Exercise description: Output the line with "Pratyakshvad" and every line below it until the listing ends, exactly as written and with nothing added.
--- START ---
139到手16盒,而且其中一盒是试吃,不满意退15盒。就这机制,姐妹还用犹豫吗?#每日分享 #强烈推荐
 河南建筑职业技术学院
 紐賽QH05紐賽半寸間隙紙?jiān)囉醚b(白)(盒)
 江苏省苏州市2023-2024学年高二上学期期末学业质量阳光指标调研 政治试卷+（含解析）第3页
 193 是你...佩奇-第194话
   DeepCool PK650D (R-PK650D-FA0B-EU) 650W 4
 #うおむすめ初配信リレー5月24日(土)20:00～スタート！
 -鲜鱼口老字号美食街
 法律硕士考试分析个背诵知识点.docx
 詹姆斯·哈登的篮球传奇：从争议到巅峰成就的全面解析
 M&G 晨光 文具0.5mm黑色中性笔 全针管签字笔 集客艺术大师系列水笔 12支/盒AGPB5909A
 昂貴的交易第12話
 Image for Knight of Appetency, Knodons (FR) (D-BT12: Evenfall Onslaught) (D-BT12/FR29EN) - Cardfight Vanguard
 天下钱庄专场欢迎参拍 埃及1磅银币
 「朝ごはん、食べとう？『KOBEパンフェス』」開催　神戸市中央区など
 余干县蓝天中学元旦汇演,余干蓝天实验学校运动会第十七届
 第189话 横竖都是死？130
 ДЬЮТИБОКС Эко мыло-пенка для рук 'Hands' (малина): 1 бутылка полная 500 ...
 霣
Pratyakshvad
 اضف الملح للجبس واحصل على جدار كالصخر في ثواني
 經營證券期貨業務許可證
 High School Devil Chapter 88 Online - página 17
--- END ---
Exercise result:
Pratyakshvad
 اضف الملح للجبس واحصل على جدار كالصخر في ثواني
 經營證券期貨業務許可證
 High School Devil Chapter 88 Online - página 17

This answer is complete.